TrueNAS Scale for shared storage issue

quartzeye

Member
Nov 29, 2019
10
0
6
64
So this is giving me headaches for a few days. I have TrueNAS Scale running in a VM with a dedicated nic and drives. My Proxmox host has a separate dedicated nic and drives. I am up to date on everything. I have set up datasets and shares in TrueNAS and can access the SMB shares with out issue from my Windows clients. The NFS shares are another issue.

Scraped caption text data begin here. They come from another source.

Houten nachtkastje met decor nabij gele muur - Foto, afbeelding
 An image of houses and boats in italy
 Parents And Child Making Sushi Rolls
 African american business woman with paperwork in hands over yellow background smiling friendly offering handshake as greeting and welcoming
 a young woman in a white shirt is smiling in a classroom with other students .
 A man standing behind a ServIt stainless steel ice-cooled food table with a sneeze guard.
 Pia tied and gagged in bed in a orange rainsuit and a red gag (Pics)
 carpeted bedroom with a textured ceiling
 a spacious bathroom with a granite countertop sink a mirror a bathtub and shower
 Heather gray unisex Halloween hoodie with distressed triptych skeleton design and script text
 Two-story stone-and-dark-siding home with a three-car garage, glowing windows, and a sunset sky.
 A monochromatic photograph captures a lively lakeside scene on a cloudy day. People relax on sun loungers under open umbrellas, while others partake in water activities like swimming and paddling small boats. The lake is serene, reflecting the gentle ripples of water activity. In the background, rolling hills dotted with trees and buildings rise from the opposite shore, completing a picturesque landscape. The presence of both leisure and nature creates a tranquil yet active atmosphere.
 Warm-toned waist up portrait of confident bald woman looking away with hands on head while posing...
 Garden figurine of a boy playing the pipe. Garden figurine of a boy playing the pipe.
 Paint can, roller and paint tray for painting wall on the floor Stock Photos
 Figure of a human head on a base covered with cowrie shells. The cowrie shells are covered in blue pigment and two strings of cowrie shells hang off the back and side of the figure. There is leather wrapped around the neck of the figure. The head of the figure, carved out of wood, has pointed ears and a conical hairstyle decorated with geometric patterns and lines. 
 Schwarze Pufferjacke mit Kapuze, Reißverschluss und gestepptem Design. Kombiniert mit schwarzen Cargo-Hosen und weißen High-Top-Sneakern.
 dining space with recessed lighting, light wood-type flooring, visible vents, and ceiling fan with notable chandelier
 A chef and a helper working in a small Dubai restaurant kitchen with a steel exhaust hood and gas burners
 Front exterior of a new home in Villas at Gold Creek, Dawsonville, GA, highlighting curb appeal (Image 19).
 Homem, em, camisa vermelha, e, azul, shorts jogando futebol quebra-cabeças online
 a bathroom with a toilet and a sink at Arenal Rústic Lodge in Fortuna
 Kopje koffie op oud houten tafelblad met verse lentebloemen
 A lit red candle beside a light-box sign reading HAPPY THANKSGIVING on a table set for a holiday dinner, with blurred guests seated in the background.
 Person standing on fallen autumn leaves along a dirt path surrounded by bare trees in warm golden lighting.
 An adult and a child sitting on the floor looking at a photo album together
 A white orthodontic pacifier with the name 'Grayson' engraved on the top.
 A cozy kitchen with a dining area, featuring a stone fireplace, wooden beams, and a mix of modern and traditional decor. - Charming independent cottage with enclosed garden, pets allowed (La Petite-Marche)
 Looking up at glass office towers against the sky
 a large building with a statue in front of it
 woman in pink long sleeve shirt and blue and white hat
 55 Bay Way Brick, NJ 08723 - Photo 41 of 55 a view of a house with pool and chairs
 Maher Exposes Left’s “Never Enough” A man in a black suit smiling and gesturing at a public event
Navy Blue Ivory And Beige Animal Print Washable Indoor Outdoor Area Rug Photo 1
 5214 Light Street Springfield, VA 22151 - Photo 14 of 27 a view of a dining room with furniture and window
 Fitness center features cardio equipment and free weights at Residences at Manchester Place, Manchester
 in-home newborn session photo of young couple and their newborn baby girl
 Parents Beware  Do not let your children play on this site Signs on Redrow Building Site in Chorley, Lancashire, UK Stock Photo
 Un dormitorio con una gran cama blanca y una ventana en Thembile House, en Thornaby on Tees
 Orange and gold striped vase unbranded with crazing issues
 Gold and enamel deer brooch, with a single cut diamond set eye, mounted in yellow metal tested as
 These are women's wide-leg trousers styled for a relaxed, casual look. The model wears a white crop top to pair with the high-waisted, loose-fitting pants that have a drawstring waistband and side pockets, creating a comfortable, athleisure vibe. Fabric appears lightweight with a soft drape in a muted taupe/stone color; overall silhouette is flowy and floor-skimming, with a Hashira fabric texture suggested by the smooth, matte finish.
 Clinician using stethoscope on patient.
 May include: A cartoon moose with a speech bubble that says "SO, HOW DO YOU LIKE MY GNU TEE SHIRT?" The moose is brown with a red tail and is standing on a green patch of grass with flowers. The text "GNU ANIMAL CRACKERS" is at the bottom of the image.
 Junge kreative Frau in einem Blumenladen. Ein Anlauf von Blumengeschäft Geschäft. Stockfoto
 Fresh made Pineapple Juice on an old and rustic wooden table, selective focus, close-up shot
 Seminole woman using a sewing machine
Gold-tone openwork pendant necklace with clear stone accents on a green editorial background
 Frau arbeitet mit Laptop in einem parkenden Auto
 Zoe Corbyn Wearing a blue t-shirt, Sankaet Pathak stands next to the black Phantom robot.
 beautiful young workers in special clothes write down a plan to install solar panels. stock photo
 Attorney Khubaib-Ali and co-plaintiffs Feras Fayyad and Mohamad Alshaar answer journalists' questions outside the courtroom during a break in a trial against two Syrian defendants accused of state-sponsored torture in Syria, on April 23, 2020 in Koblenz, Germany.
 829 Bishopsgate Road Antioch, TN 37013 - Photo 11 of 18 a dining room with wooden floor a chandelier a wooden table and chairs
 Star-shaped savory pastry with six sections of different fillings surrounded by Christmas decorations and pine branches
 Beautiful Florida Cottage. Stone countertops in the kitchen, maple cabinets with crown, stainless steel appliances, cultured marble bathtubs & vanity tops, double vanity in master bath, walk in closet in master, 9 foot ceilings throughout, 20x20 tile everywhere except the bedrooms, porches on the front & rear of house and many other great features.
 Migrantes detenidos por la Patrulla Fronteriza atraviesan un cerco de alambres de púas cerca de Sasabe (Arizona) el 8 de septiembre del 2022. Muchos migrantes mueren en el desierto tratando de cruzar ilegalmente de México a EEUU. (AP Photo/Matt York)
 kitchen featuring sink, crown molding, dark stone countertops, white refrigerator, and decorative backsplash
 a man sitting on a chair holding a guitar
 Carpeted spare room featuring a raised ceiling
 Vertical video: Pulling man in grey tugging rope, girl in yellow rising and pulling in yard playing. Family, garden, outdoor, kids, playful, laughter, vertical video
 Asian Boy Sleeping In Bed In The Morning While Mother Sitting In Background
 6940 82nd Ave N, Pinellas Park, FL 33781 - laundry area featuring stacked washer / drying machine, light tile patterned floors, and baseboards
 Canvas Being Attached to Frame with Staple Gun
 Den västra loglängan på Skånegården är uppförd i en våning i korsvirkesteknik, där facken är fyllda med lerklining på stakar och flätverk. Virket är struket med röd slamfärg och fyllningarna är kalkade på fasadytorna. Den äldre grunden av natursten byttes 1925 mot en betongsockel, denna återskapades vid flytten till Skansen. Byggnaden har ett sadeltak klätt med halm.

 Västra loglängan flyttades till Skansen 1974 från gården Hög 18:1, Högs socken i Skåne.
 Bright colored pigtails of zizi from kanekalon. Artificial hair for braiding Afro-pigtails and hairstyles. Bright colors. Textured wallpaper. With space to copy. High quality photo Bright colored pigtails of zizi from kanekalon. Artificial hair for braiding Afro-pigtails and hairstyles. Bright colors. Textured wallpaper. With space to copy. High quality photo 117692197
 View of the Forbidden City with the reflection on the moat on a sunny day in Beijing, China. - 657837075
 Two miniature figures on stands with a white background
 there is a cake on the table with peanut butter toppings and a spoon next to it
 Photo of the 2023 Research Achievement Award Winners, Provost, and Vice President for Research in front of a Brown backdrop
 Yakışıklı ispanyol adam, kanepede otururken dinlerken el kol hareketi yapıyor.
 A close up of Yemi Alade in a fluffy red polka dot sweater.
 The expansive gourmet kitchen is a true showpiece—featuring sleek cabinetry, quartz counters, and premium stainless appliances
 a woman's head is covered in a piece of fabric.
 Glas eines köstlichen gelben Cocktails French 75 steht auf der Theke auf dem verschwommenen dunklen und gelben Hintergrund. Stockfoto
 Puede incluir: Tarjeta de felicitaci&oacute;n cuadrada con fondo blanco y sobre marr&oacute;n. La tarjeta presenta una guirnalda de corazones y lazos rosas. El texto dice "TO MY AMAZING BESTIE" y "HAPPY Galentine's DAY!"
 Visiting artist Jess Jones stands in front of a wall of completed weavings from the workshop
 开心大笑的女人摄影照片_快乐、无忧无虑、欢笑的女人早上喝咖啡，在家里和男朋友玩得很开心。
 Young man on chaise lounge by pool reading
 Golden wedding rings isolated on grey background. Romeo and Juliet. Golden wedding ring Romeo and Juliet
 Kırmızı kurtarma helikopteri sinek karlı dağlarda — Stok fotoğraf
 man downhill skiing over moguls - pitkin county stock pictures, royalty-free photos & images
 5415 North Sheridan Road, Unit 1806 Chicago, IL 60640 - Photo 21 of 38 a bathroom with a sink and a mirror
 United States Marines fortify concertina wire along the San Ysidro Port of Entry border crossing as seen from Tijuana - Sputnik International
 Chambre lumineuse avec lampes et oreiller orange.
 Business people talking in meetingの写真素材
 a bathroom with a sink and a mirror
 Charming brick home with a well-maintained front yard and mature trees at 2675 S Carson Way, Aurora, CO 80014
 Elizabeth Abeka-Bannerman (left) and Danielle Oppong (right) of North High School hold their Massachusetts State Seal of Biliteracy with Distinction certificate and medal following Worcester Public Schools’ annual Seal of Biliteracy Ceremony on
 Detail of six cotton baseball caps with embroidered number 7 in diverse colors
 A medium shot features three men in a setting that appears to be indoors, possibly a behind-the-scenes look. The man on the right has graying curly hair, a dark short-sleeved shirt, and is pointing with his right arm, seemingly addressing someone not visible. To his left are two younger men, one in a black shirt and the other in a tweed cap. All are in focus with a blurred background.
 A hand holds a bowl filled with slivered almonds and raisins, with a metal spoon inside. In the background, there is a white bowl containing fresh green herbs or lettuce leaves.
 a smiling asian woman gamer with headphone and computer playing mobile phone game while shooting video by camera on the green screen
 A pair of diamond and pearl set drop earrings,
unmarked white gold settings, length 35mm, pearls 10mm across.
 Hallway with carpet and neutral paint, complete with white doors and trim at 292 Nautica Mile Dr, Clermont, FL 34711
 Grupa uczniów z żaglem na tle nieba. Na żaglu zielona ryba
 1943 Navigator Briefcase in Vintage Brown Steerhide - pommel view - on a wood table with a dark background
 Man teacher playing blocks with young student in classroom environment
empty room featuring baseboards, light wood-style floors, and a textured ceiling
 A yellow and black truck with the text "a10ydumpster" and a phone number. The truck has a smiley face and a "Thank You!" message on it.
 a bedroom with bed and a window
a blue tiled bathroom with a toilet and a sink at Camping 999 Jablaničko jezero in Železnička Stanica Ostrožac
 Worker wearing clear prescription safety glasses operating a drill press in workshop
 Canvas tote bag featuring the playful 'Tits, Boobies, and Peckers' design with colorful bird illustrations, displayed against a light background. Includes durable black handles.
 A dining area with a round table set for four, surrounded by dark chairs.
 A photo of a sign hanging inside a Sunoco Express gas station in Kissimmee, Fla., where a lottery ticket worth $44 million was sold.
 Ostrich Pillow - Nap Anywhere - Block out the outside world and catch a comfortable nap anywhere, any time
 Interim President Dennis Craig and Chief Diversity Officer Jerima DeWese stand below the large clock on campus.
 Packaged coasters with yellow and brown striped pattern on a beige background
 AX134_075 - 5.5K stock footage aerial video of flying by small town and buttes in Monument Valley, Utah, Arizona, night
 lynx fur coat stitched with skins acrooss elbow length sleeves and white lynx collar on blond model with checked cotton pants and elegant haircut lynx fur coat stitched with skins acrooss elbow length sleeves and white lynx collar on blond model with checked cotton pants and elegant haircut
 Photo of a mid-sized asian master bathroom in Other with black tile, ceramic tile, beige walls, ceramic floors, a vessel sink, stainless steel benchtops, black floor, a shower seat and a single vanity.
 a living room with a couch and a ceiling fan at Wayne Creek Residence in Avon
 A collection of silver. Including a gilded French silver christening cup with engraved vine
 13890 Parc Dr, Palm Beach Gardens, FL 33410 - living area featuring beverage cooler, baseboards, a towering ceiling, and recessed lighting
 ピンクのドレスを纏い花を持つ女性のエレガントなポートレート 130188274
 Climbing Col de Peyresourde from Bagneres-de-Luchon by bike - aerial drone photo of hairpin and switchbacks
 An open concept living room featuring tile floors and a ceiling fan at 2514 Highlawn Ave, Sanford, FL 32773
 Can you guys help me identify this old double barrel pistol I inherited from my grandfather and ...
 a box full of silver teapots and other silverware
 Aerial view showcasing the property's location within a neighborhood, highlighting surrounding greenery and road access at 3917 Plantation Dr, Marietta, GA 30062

When in a vm on the same host or another host, I can mount the nfs shares and have RW capabilities to the share. These are tested with vanilla Debian v11.3 vm's with nothing but the nfs client added. Simple "mount -vvv xxx.xxx.xxx.xxx:/mnt/data-01/ds-proxmox /opt/truenas" and no issues coping, editing, or deleting files/directories.

When I am on the Proxmox host or any other Proxmox host and try to the same thing, I can mount and list the files but cannot edit them and attempting to edit anything locks up the system where I have to reboot the host to clear it. Probably a NFS busy state and the session is dead.

I have tried many different permissions and NFS3/4 on the TrueNAS scale side but nothing works from any Proxmox host. This prevents me from created NFS storage, shared or not, on any Proxmox host where the NFS share is running on TrueNAS scale.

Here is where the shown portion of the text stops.